Task prompt: Beginning at the line containing "Patient 01 3/4th" in the material below and ending at the line containing "Fluorescent microscopy image", return each line exactly and add nothing.

Entries supplied:
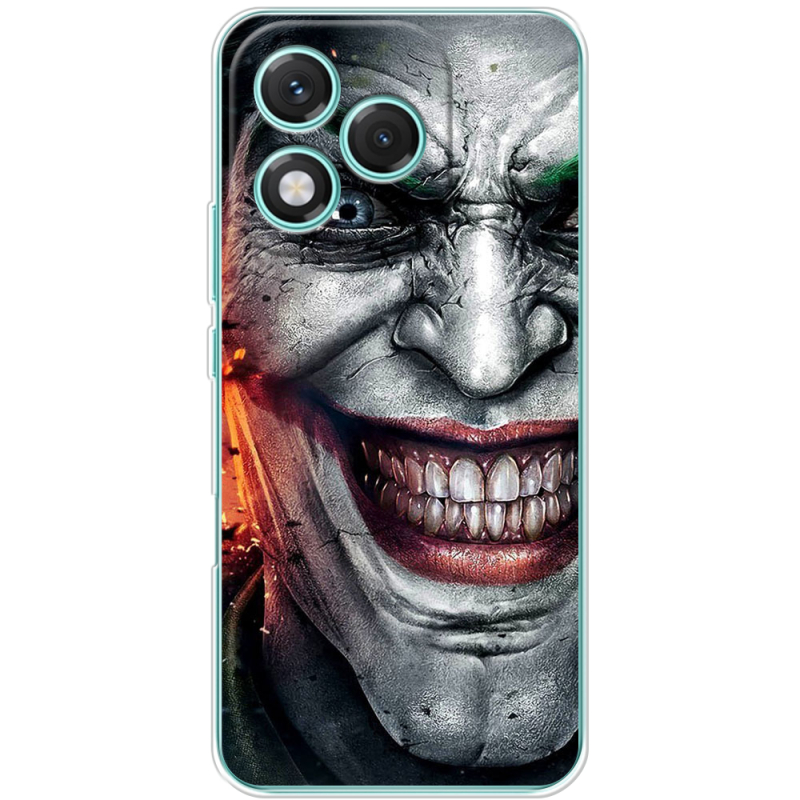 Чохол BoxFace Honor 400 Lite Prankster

...

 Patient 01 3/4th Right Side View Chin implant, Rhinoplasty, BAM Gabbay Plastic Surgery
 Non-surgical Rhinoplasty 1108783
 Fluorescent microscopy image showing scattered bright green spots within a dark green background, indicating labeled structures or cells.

Exercise output:
 Patient 01 3/4th Right Side View Chin implant, Rhinoplasty, BAM Gabbay Plastic Surgery
 Non-surgical Rhinoplasty 1108783
 Fluorescent microscopy image showing scattered bright green spots within a dark green background, indicating labeled structures or cells.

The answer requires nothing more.